Exercise instructions: Exactly the lines from the opening of the records through the line containing "Blink Indoor/XT Camera" should be copied, with both included.

** Available records follows **

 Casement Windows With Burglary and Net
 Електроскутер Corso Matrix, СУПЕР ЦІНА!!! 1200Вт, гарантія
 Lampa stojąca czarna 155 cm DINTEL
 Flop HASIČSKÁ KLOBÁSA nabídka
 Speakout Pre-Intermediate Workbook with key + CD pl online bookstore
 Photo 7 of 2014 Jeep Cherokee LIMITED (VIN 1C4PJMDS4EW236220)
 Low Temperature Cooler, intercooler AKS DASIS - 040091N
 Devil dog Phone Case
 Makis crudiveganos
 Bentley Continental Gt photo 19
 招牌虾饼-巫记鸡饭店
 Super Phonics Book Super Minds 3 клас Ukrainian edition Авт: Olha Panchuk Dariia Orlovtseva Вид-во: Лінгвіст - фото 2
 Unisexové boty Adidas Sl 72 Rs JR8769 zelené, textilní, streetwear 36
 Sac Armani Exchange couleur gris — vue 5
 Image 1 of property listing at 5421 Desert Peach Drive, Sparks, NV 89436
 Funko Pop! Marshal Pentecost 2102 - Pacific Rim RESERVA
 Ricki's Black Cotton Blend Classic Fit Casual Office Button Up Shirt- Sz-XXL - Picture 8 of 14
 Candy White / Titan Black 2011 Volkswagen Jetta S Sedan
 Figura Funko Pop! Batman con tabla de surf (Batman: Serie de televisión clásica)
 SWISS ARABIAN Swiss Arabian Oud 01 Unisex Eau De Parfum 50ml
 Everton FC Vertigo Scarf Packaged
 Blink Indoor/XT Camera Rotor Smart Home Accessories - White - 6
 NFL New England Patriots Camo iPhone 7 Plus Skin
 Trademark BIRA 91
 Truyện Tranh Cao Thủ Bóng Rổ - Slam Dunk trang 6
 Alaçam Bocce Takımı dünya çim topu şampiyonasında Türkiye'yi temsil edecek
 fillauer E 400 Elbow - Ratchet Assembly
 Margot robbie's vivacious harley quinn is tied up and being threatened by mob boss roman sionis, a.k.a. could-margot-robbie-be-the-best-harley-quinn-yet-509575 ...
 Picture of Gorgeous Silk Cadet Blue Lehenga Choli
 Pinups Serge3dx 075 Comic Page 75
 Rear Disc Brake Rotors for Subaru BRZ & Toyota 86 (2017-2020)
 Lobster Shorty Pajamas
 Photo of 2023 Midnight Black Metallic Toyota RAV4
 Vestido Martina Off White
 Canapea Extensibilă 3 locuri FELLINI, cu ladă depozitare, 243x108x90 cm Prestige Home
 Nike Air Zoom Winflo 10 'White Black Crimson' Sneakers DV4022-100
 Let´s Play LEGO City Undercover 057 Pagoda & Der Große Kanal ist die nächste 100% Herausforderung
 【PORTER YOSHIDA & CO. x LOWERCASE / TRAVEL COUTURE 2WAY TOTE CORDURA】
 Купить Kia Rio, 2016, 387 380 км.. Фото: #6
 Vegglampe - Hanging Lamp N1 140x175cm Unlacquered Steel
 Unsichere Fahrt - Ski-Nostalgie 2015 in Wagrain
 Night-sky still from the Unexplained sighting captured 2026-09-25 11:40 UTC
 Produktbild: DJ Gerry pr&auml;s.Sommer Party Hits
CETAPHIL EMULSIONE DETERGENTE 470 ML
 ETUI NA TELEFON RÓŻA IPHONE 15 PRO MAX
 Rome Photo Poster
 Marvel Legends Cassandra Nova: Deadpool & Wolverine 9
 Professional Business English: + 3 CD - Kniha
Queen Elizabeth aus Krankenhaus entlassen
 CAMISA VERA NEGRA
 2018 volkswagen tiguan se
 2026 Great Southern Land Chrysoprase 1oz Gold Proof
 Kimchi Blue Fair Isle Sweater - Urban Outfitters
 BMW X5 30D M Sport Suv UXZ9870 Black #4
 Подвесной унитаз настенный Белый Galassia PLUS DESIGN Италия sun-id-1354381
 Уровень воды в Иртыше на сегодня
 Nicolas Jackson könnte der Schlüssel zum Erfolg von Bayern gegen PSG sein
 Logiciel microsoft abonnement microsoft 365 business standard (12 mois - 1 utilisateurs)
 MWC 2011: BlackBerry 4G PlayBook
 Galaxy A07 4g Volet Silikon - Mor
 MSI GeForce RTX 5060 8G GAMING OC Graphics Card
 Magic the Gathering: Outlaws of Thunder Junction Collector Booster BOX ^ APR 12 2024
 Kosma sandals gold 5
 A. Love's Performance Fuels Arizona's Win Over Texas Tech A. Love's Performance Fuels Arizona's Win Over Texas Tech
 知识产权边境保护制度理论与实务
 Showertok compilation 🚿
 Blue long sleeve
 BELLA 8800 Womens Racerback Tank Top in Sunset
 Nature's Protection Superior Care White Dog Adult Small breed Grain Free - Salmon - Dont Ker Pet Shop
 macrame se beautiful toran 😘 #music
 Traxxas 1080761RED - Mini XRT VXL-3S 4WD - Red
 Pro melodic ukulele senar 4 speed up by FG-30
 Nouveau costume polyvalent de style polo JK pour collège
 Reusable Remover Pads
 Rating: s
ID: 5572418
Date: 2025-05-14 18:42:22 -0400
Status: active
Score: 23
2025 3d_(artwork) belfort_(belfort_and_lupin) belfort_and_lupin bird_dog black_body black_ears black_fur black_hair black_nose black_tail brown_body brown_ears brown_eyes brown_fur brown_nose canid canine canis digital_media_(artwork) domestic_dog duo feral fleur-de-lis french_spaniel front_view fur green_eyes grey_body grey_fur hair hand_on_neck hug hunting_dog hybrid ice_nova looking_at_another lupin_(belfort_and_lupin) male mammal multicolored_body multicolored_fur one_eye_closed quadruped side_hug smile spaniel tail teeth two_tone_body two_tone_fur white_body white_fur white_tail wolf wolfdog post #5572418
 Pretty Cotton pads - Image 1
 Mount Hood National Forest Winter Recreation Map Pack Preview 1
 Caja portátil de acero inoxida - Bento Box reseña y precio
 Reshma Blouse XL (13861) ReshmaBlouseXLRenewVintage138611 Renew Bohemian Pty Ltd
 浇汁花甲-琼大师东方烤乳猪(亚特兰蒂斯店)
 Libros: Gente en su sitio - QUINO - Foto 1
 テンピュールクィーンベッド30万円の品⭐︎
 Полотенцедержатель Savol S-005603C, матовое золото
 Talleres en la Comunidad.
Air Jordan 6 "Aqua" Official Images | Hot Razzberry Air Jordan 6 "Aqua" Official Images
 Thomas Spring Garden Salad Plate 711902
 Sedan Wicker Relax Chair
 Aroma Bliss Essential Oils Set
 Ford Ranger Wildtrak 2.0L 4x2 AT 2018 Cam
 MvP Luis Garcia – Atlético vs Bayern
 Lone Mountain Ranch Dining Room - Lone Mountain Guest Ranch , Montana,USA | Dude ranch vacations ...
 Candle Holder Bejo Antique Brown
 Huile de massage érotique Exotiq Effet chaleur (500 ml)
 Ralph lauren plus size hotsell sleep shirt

** End of Available records **

Result of the exercise:
 Casement Windows With Burglary and Net
 Електроскутер Corso Matrix, СУПЕР ЦІНА!!! 1200Вт, гарантія
 Lampa stojąca czarna 155 cm DINTEL
 Flop HASIČSKÁ KLOBÁSA nabídka
 Speakout Pre-Intermediate Workbook with key + CD pl online bookstore
 Photo 7 of 2014 Jeep Cherokee LIMITED (VIN 1C4PJMDS4EW236220)
 Low Temperature Cooler, intercooler AKS DASIS - 040091N
 Devil dog Phone Case
 Makis crudiveganos
 Bentley Continental Gt photo 19
 招牌虾饼-巫记鸡饭店
 Super Phonics Book Super Minds 3 клас Ukrainian edition Авт: Olha Panchuk Dariia Orlovtseva Вид-во: Лінгвіст - фото 2
 Unisexové boty Adidas Sl 72 Rs JR8769 zelené, textilní, streetwear 36
 Sac Armani Exchange couleur gris — vue 5
 Image 1 of property listing at 5421 Desert Peach Drive, Sparks, NV 89436
 Funko Pop! Marshal Pentecost 2102 - Pacific Rim RESERVA
 Ricki's Black Cotton Blend Classic Fit Casual Office Button Up Shirt- Sz-XXL - Picture 8 of 14
 Candy White / Titan Black 2011 Volkswagen Jetta S Sedan
 Figura Funko Pop! Batman con tabla de surf (Batman: Serie de televisión clásica)
 SWISS ARABIAN Swiss Arabian Oud 01 Unisex Eau De Parfum 50ml
 Everton FC Vertigo Scarf Packaged
 Blink Indoor/XT Camera Rotor Smart Home Accessories - White - 6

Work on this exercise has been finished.